Grilled Steak Kabobs (Printable)

Marinated steak and vibrant vegetables skewered and grilled until lightly charred for a smoky, crowd-pleasing main.

# What You'll Need:

→ Steak & Marinade

01 - 1.5 lbs sirloin or ribeye steak, cut into 1.5-inch cubes
02 - 1/4 cup olive oil
03 - 3 tbsp soy sauce (use gluten-free if needed)
04 - 2 tbsp Worcestershire sauce
05 - 2 tbsp fresh lemon juice
06 - 3 cloves garlic, minced
07 - 1 tbsp honey
08 - 1 tsp dried oregano
09 - 1/2 tsp freshly ground black pepper
10 - 1/2 tsp salt

→ Vegetables

11 - 1 large red bell pepper, cut into 1.5-inch pieces
12 - 1 large green bell pepper, cut into 1.5-inch pieces
13 - 1 medium red onion, cut into wedges
14 - 8 oz cremini or button mushrooms, cleaned and halved if large
15 - 1 medium zucchini, sliced into thick rounds

→ For Grilling

16 - Wooden or metal skewers (if using wooden, soak in water 30 minutes)

# How To Make:

01 - In a large mixing bowl, whisk together the olive oil, soy sauce, Worcestershire sauce, fresh lemon juice, minced garlic, honey, dried oregano, black pepper, and salt until well combined.
02 - Add the steak cubes to the marinade and toss to coat evenly.

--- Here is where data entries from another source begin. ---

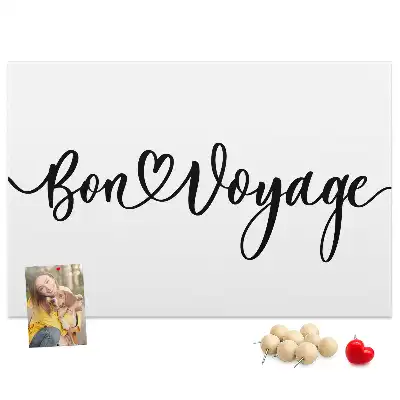 Tableau en liège déco Inscription Bon voyage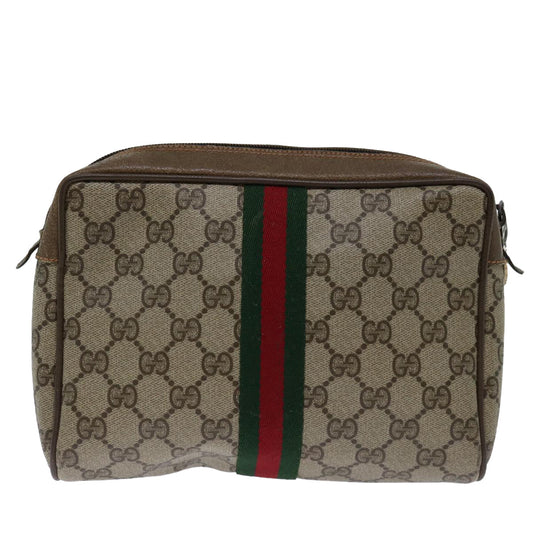 Luxury Gucci Trending 2025 GG Supreme Web Sherry Line Clutch Bag PVC Beige Red 89 01 012  11755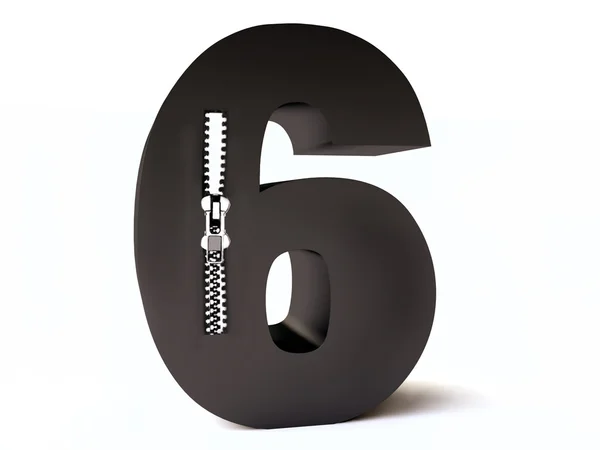 Number Six with Zipper — Stock Photo, Image
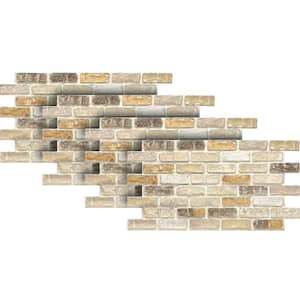 Pacific Creme 24 in. x 46-3/8 in. x 3/4 in. Faux Used Brick Panel (4-Pack)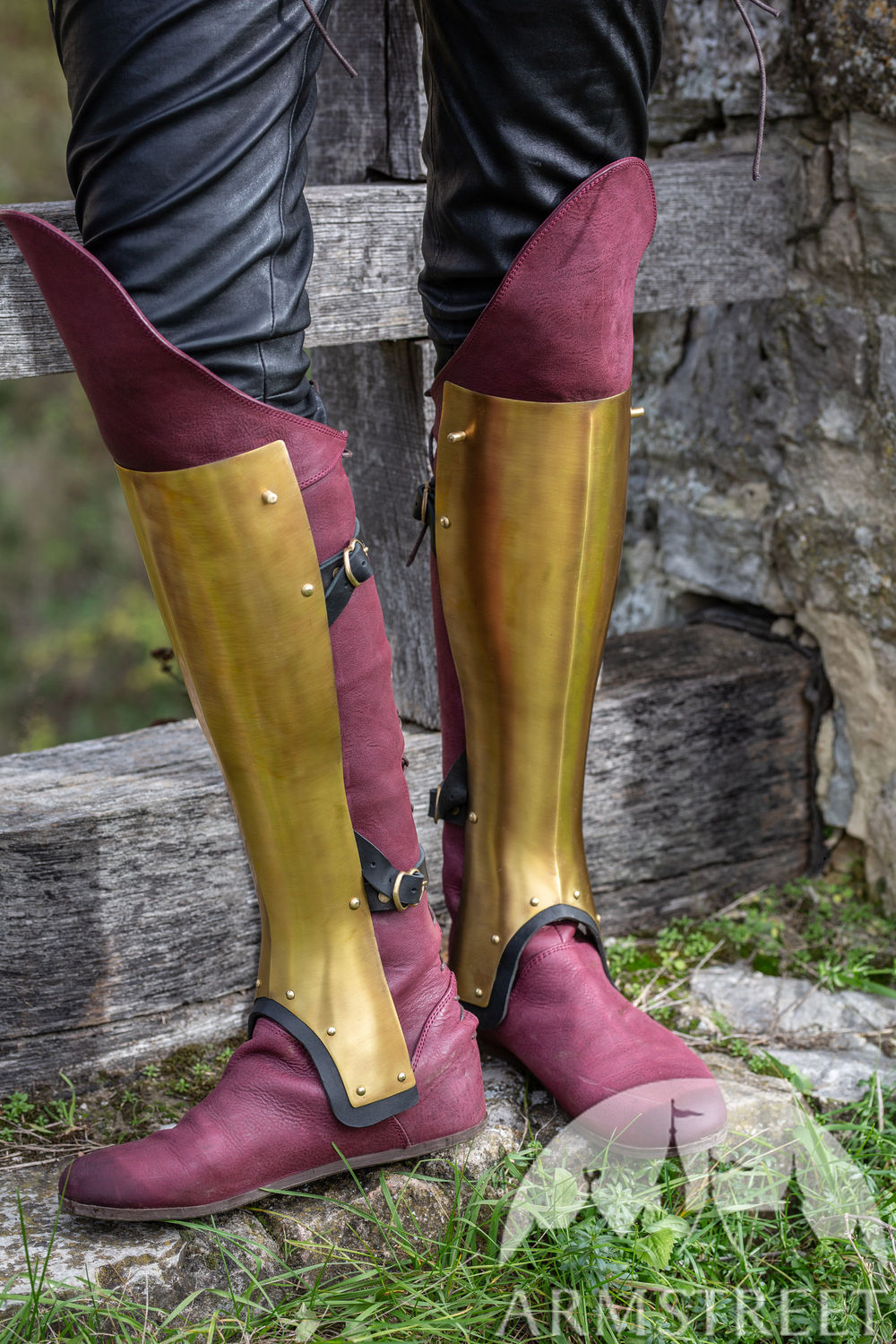 Brassed spring steel greaves “Morning Star” shin protection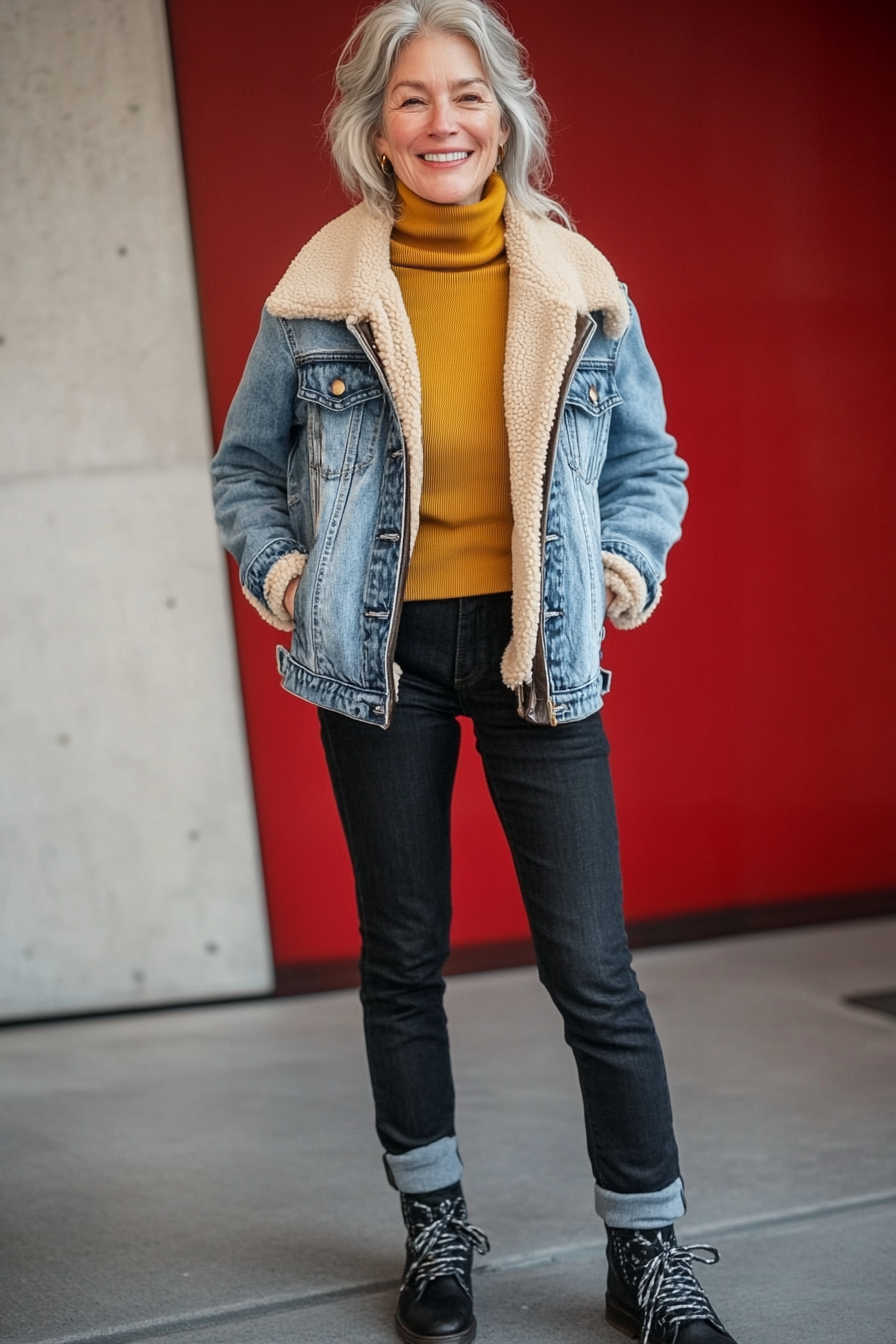 8. Sherpa-Lined Denim Jacket & Cozy Knit (Casual Winter Outfits For Women Over 50) - Casual Winter Outfits For Women Over 50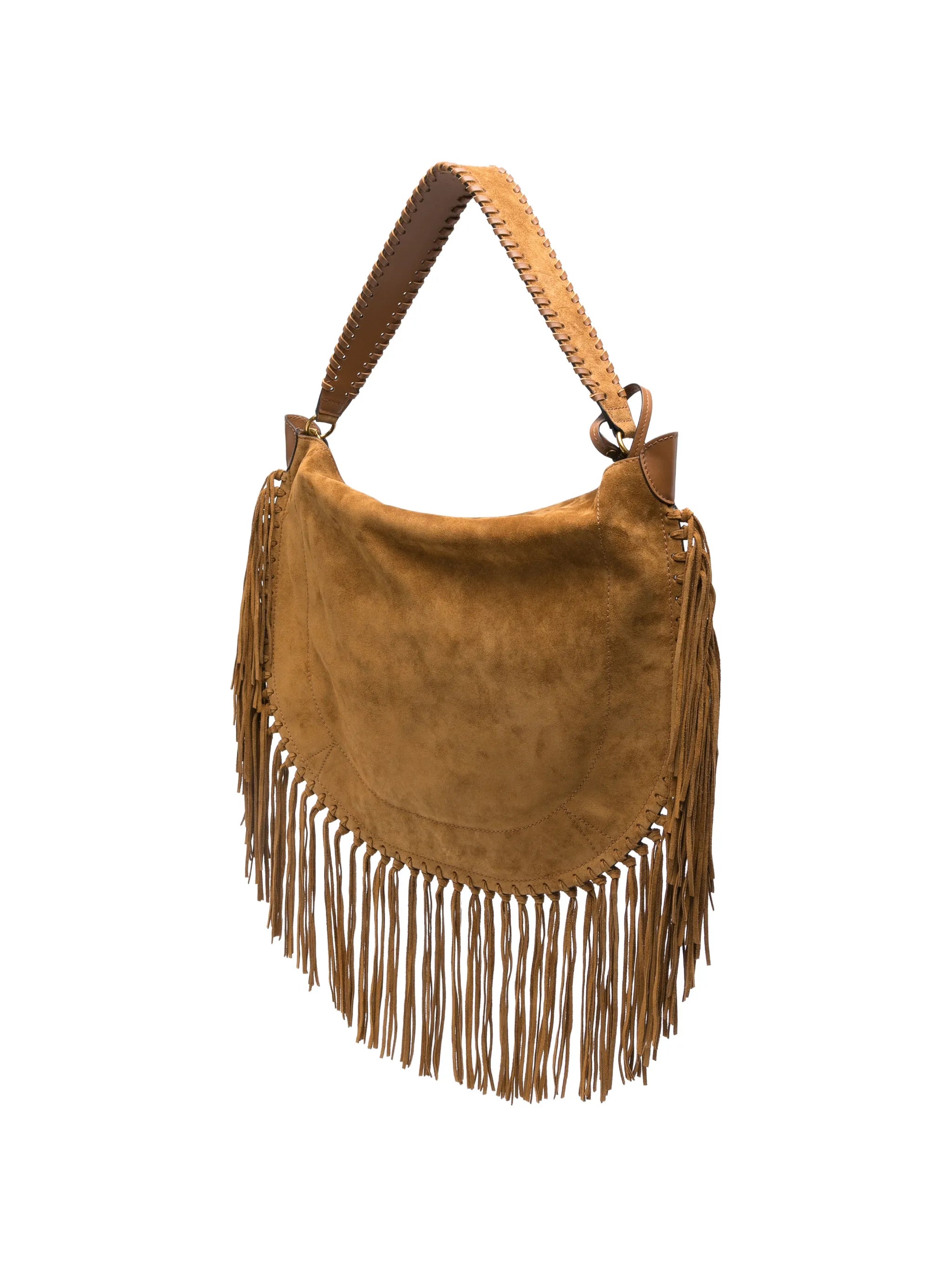 fringe-trim whipstitch shoulder bag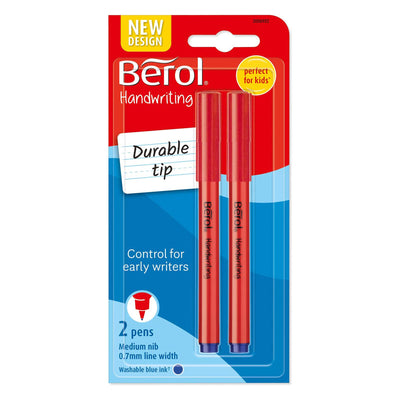 Berol Medium Nib Handwriting Pen - Blue Ink - Pack of 2-Handwriting Pens-Berol|Stationery Superstore UK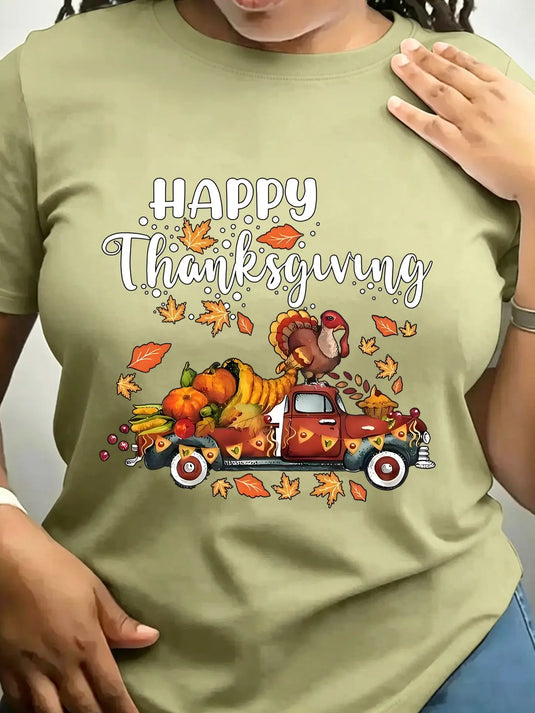 Women's Trendy Crew Neck T-Shirt Happy Thanksgiving Truck Design Suitable for Casual Sportswear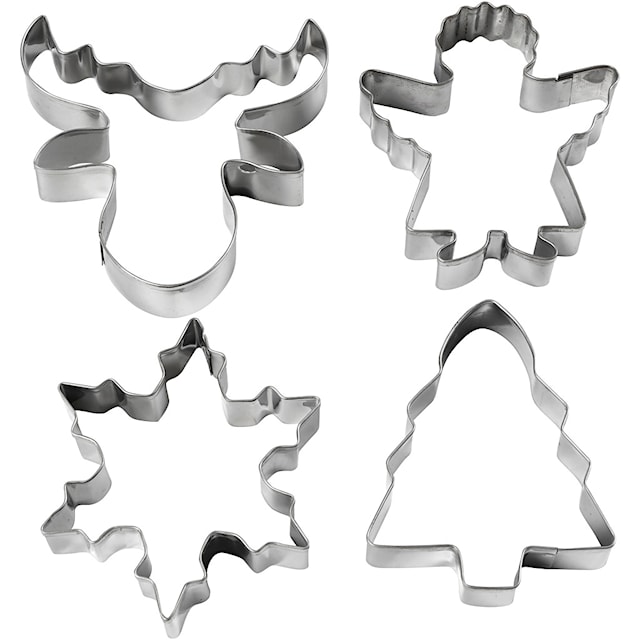 Tuotekuva 1 - Metallimuotit, joulukuusi, enkeli, poro, lumihiutale , Kork. 8 cm, 4 kpl/ 1 pkt
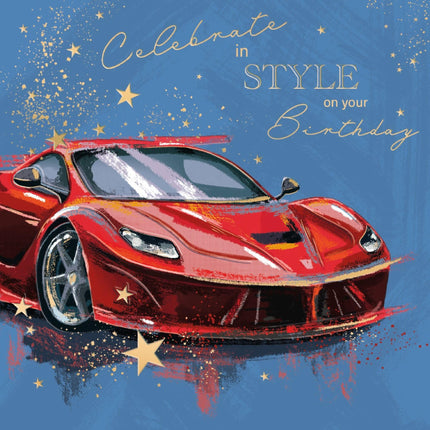 Birthday Card for Men - Red Sports Car Design - Embossed Gold Foil Finish - Premium Birthday Greeting Card with Envelope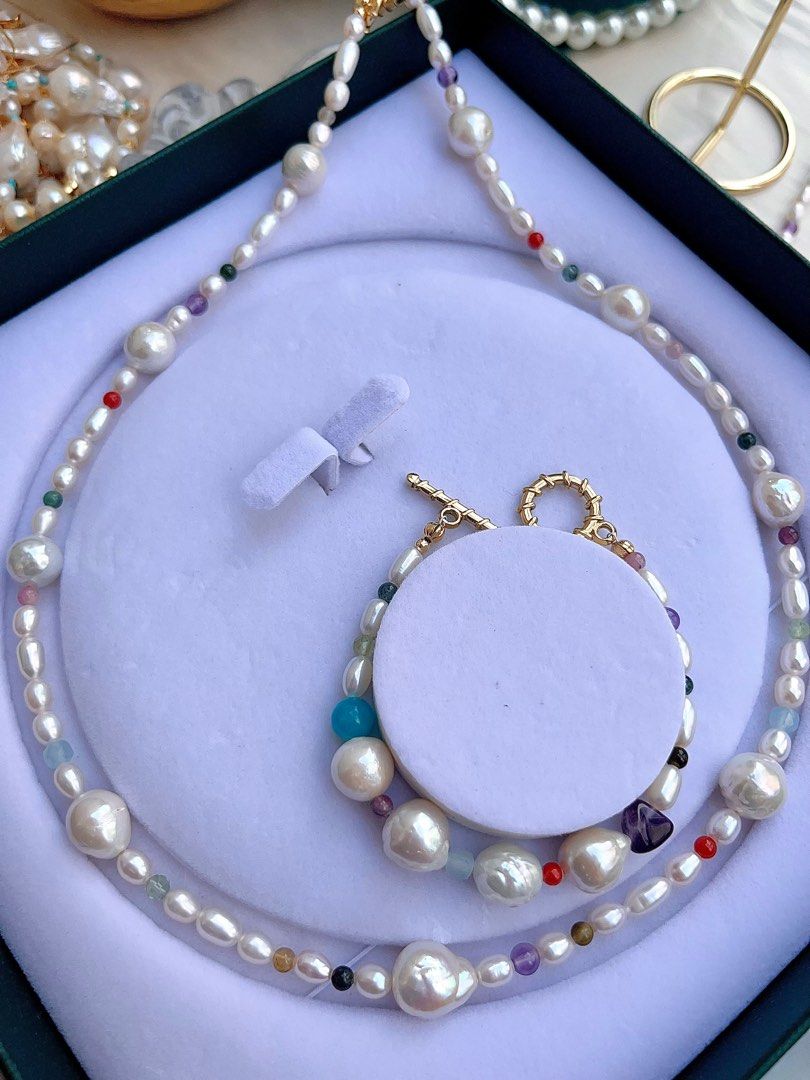 #PN676 Freshwater Pearl Necklace & Bracelet Set| Natural Stones| Big Baroque Pearl|Natural Flaws| Lustrous |Green Mica | Amethyst | Tourmaline | Aquamarine |Connectable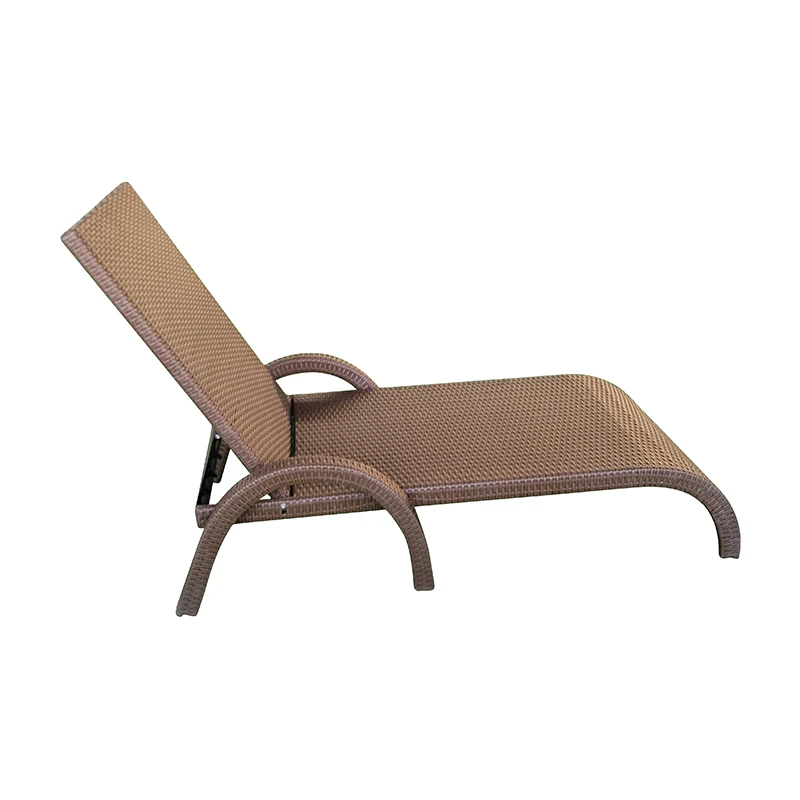 Modern Plastic Chaise Lounge wicker single seat Sun lounger rattan outdoor FOLDING lounge bed
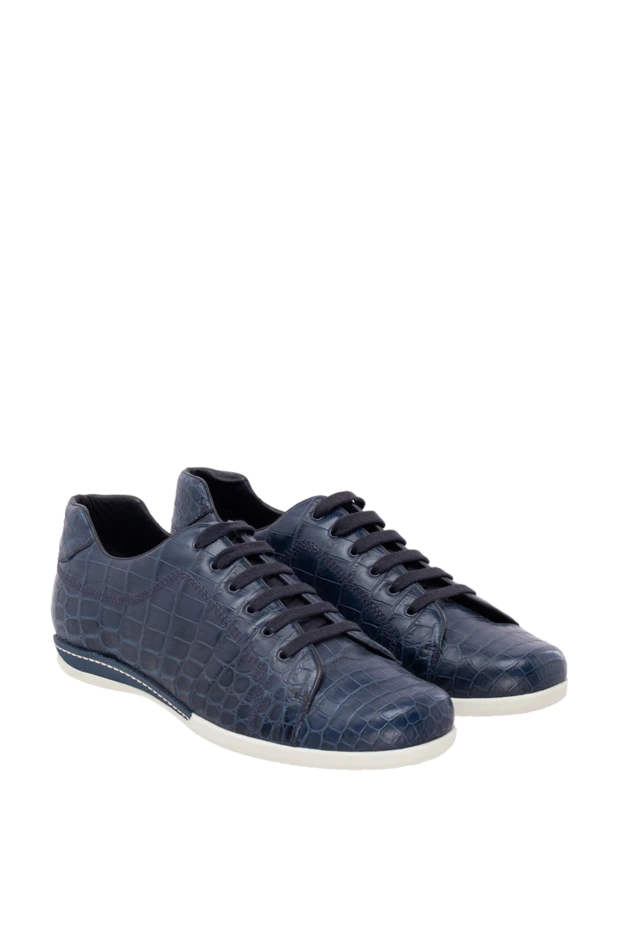 Artioli ақ табаны бар крокодил былғарыдан жасалған көк кроссовки
 155317 - фото 3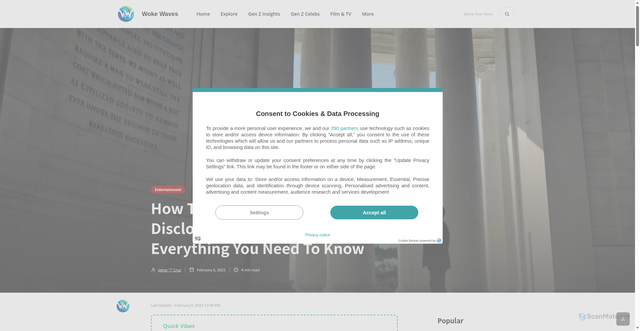 Security scan screenshot of https://www.wokewaves.com/posts/where-to-watch-the-age-of-disclosure-documentary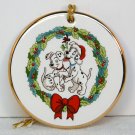 Disney Grolier Christmas ornament porcelain disk Dalmatians' Delight Tis The Season Collection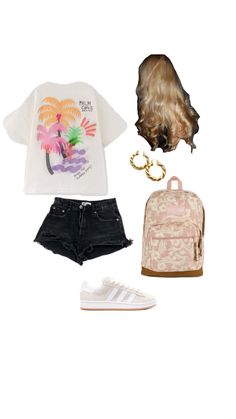 Outfit Ideas For School With Shorts, Beachy Wishlist, School Outfits 7th Grade, Shuffle Outfits, Outfit Repeater, Styling Clothes, Cute Hairstyles For School, Clothes Wishlist, Dream Outfits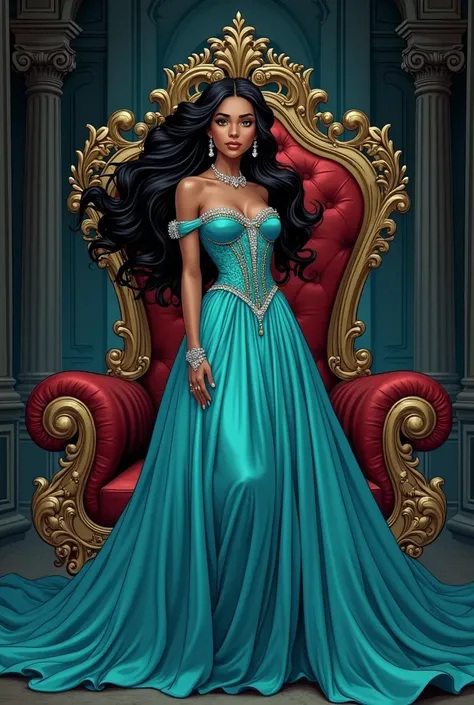 Comic book art manga panel: Young woman with olive skin tone, dark hair with fine strands of golden hair, Long hair waving in the wind. Her eyes are Caribbean blue, Caribbean sea blue. She has a pearl necklace around her neck, She also has other necklaces ...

Cover the bowl and refrigerate for at least 45 minutes, or up to 2 hours for optimal flavor development.
03 - Thread the marinated steak cubes and prepared vegetables alternately onto the skewers, distributing ingredients evenly across each skewer.
04 - Preheat your grill to medium-high heat. Lightly oil the grill grates to prevent sticking.
05 - Place the skewers on the grill and cook for 10 to 12 minutes, turning every 2 to 3 minutes, until the steak reaches your desired doneness and the vegetables are lightly charred.
06 - Remove the kabobs from the grill and let them rest for 5 minutes before serving to allow the juices to redistribute.

# Expert Tips:

01 -
  • The marinade does all the heavy lifting, so you look like a genius with almost zero effort.
  • Everything cooks on one stick, which means fewer dishes and more time to actually enjoy your guests.
02 -
  • I once pulled skewers off too early because I was hungry and the meat was still gray inside, patience really matters here.
  • Soak those wooden skewers for the full 30 minutes or you will be fishing burnt sticks off the grill.
03 -
  • Cut all your vegetables the same size as the steak cubes so nothing overcooks while waiting for something else to catch up.
  • Save a spoonful of marinade before the raw meat goes in and brush it on the vegetables as they grill for an extra layer of flavor.